■ EXERCISE DETAILS: Below are records with pictures. Transcribe exactly, and only, the lines from the line with "Modern office with" to the line with "VA license plate VFN2123", both ends included, but not the pictures.

■ EXERCISE DATA:
......
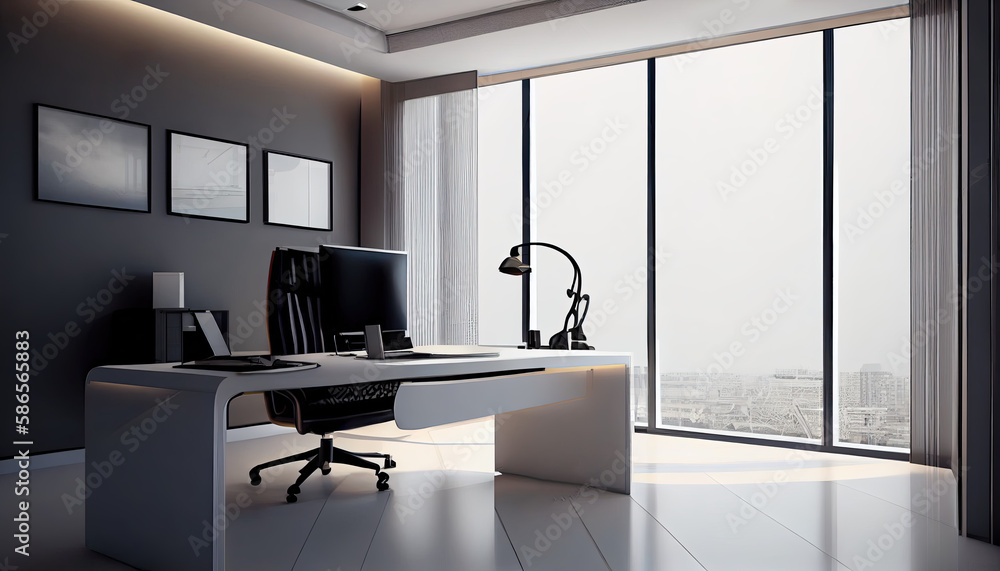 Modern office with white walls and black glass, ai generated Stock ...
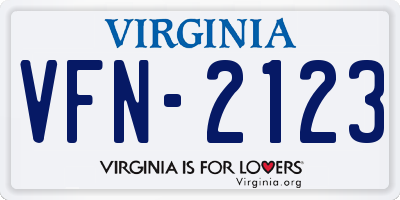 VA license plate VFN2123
......
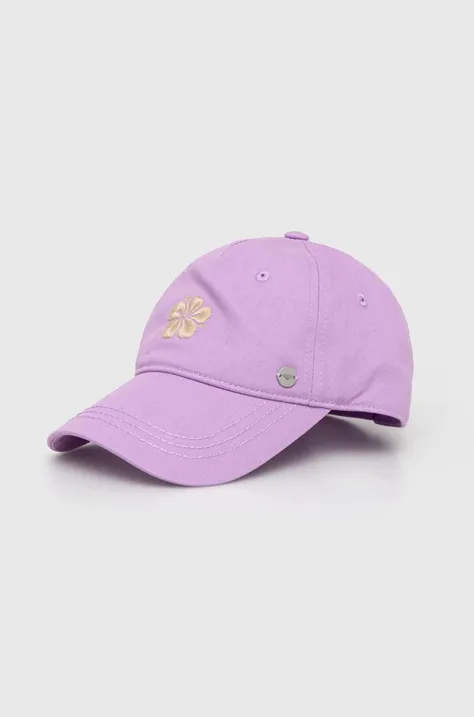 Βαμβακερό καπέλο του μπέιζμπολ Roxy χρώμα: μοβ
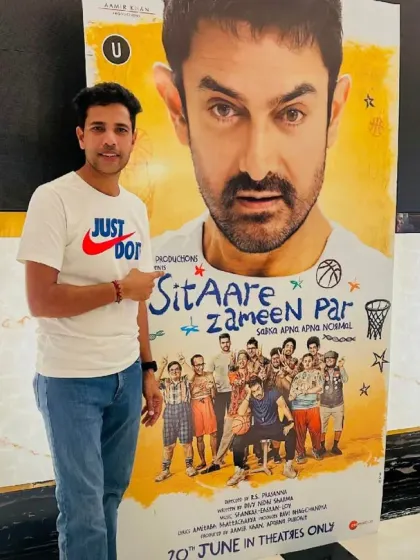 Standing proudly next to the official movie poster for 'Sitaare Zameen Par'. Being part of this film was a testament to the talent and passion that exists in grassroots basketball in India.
......
■ FINISHED TASK:
 Modern office with white walls and black glass, ai generated Stock ...
 VA license plate VFN2123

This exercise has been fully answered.